[Available records]
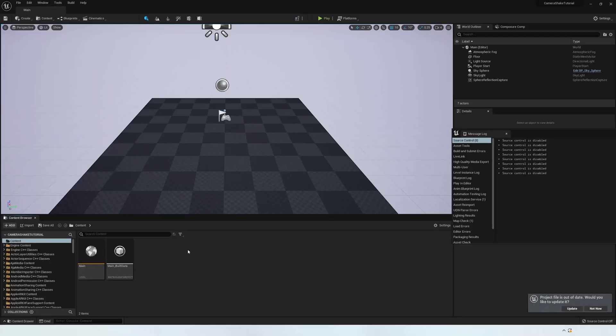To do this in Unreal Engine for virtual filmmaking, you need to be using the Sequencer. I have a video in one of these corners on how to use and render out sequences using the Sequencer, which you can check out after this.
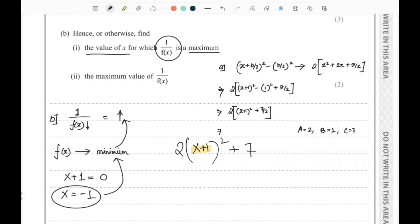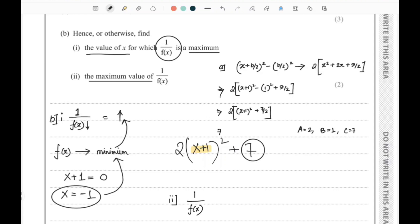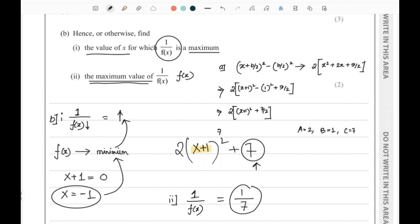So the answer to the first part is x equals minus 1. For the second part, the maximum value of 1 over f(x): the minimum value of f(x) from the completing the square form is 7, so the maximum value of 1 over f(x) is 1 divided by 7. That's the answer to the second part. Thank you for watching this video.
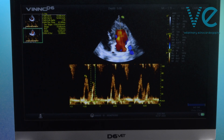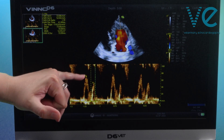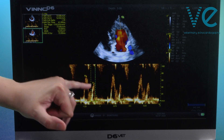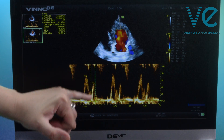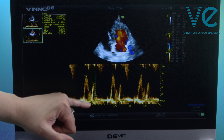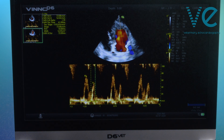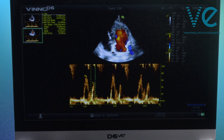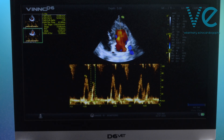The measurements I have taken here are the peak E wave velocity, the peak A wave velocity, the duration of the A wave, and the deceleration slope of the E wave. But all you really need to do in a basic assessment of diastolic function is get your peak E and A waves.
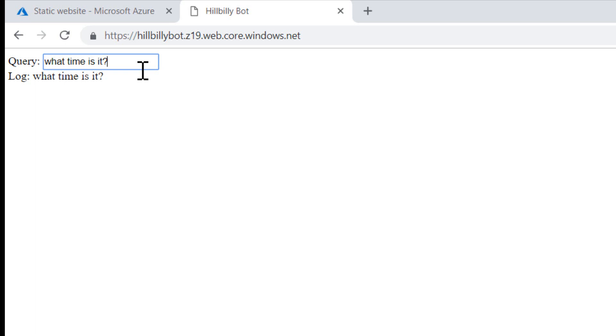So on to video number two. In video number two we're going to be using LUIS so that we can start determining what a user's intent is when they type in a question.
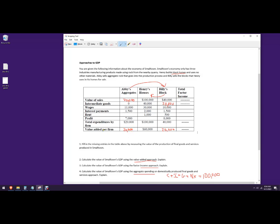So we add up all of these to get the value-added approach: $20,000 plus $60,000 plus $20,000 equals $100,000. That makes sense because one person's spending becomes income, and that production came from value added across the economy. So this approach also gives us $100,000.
[/Available records]
What you should do
Write out, word for word, the lines from the first line of the entries through the one containing "So on to video", both included. Leave out the pictures.

Written reply
To do this in Unreal Engine for virtual filmmaking, you need to be using the Sequencer. I have a video in one of these corners on how to use and render out sequences using the Sequencer, which you can check out after this.
So the answer to the first part is x equals minus 1. For the second part, the maximum value of 1 over f(x): the minimum value of f(x) from the completing the square form is 7, so the maximum value of 1 over f(x) is 1 divided by 7. That's the answer to the second part. Thank you for watching this video.
The measurements I have taken here are the peak E wave velocity, the peak A wave velocity, the duration of the A wave, and the deceleration slope of the E wave. But all you really need to do in a basic assessment of diastolic function is get your peak E and A waves.
So on to video number two. In video number two we're going to be using LUIS so that we can start determining what a user's intent is when they type in a question.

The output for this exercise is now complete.